WHAT THE TASK REQUIRES: A faithful copy of the data is the goal; set it down exactly, without the images.
[Start of section]
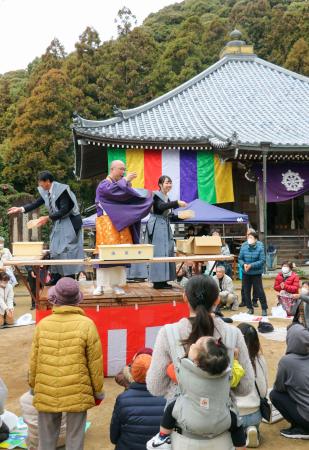 　節分を前に補陀洛山寺で行われた豆まき＝２７日午後、和歌山県那智勝浦町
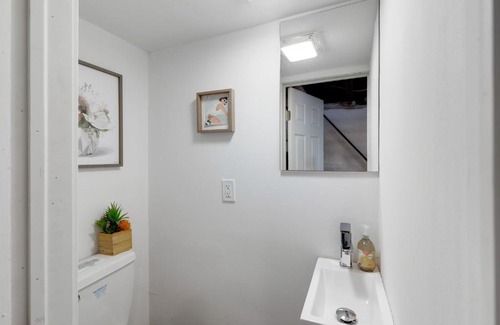 Fishtown Casa | Kid-Friendly Fishtown Family Retreat with Game Room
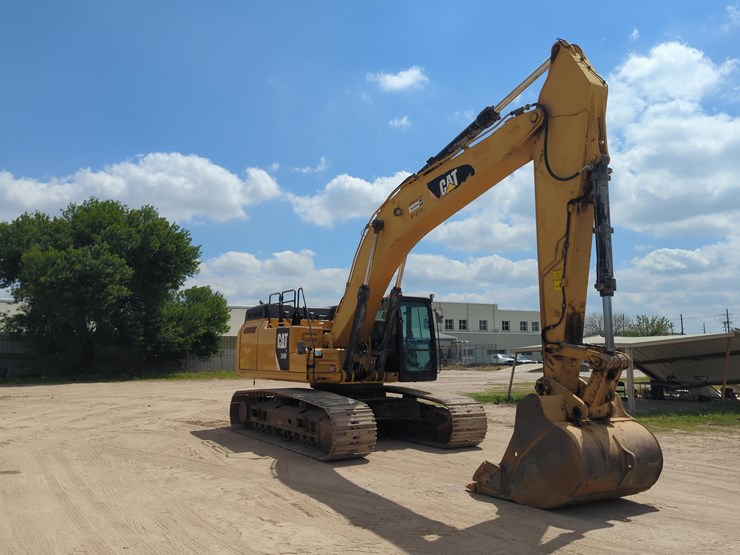 2017-caterpillar-349-image-3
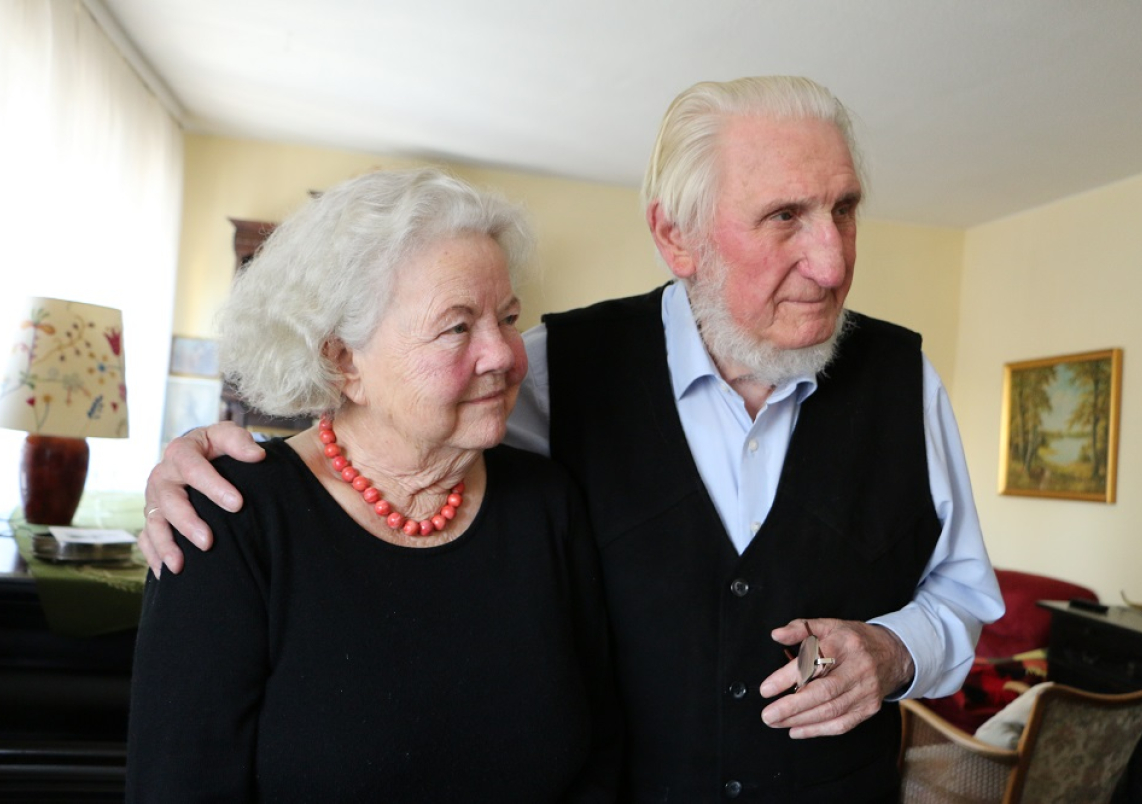 Manfred Schlenker mit seiner Ehefrau Ursula im Oktober 2019.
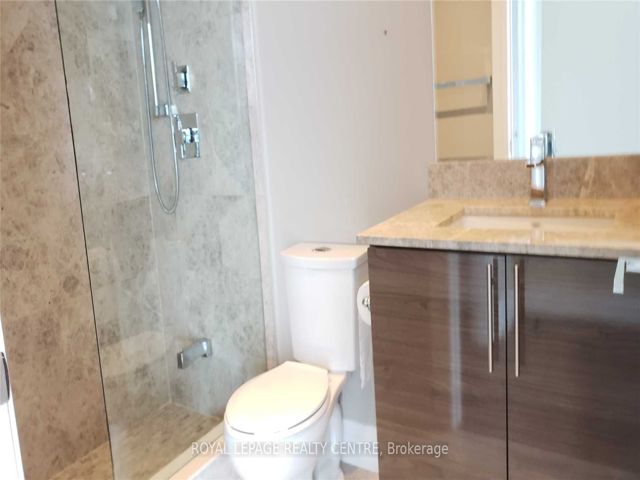 3802 - 59 Annie Craig Dr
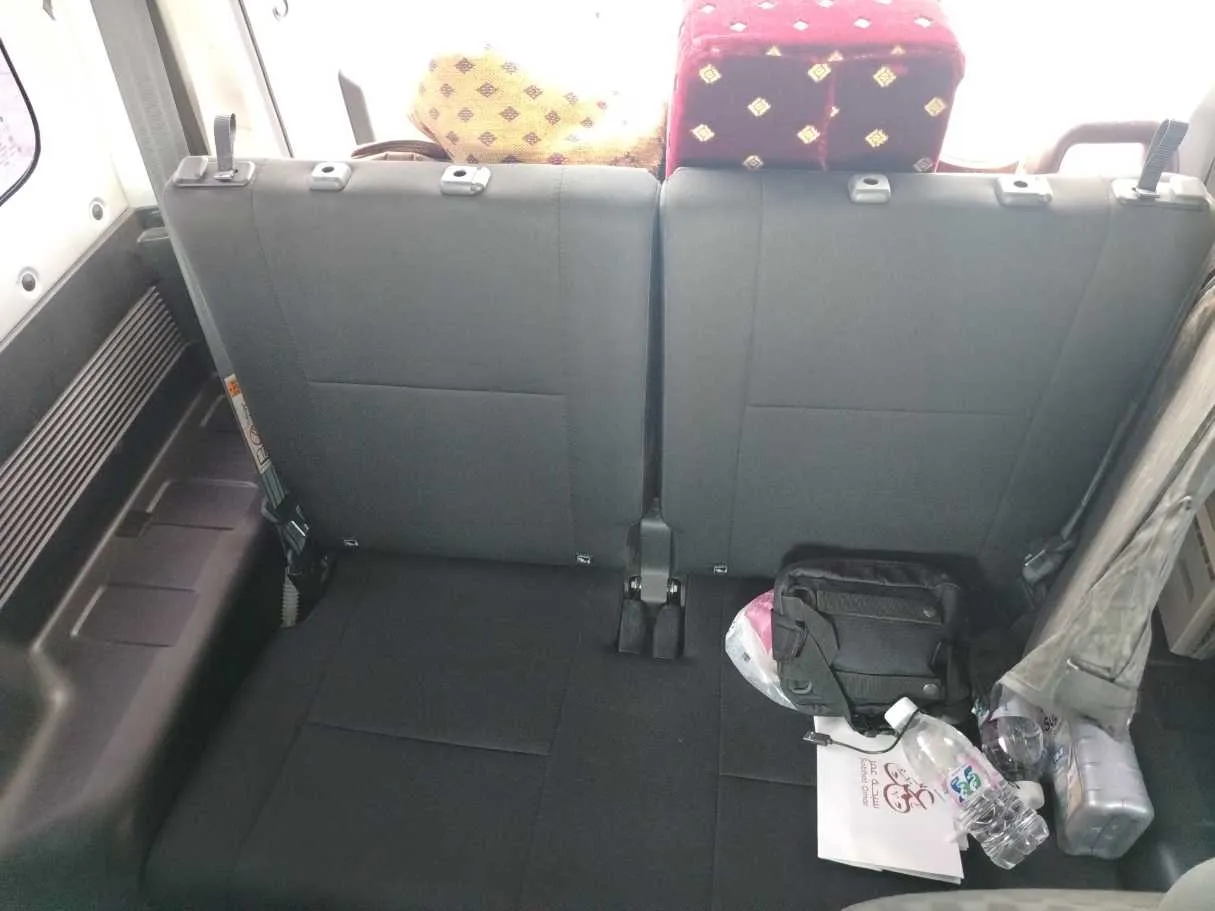 Car image 28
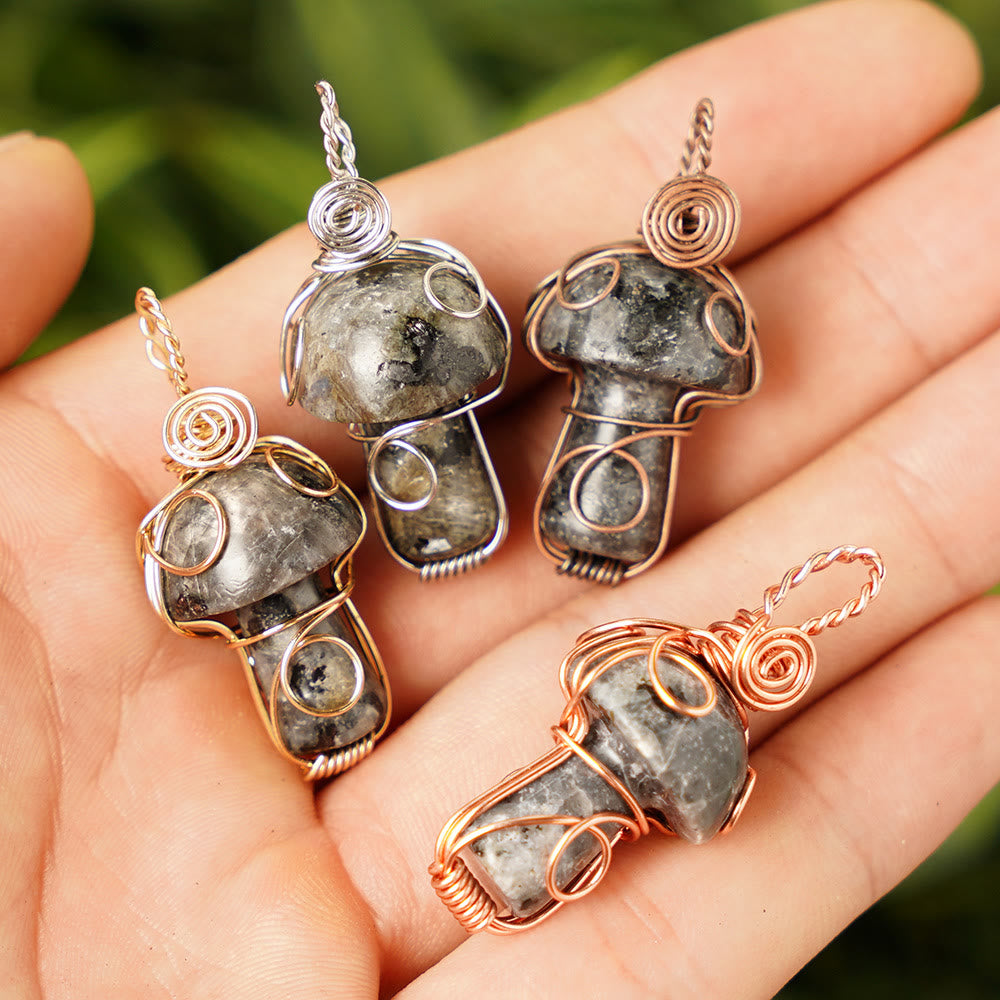 Collana con fungo in pietra curativa naturale Olivenorma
[End of section]
RESPONSE TO THE EXERCISE:
 　節分を前に補陀洛山寺で行われた豆まき＝２７日午後、和歌山県那智勝浦町
 Fishtown Casa | Kid-Friendly Fishtown Family Retreat with Game Room
 2017-caterpillar-349-image-3
 Manfred Schlenker mit seiner Ehefrau Ursula im Oktober 2019.
 3802 - 59 Annie Craig Dr
 Car image 28
 Collana con fungo in pietra curativa naturale Olivenorma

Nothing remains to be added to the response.